— Task details —
Look through the entries below and extract exactly the lines from the one containing "Property Photo: 204 Main Street ME 04252" through the one containing "پانسیون Vivian Hotel Mui Ne", ends included.

— Dataset entries —
Content starts

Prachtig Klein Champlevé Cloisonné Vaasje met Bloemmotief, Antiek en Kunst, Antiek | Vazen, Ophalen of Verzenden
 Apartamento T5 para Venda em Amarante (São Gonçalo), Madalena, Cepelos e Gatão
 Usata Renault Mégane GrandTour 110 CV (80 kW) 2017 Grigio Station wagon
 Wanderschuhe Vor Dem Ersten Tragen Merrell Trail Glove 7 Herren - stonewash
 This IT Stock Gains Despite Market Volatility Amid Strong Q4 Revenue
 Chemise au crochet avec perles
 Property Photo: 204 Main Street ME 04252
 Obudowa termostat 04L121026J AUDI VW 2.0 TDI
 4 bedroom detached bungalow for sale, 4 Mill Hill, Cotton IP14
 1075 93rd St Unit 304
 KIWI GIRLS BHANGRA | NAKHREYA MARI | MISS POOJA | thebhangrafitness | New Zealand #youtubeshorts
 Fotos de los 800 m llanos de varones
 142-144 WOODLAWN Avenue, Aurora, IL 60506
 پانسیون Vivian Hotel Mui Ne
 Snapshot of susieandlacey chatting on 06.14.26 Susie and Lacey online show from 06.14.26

Content ends

— Solution to the exercise —
 Property Photo: 204 Main Street ME 04252
 Obudowa termostat 04L121026J AUDI VW 2.0 TDI
 4 bedroom detached bungalow for sale, 4 Mill Hill, Cotton IP14
 1075 93rd St Unit 304
 KIWI GIRLS BHANGRA | NAKHREYA MARI | MISS POOJA | thebhangrafitness | New Zealand #youtubeshorts
 Fotos de los 800 m llanos de varones
 142-144 WOODLAWN Avenue, Aurora, IL 60506
 پانسیون Vivian Hotel Mui Ne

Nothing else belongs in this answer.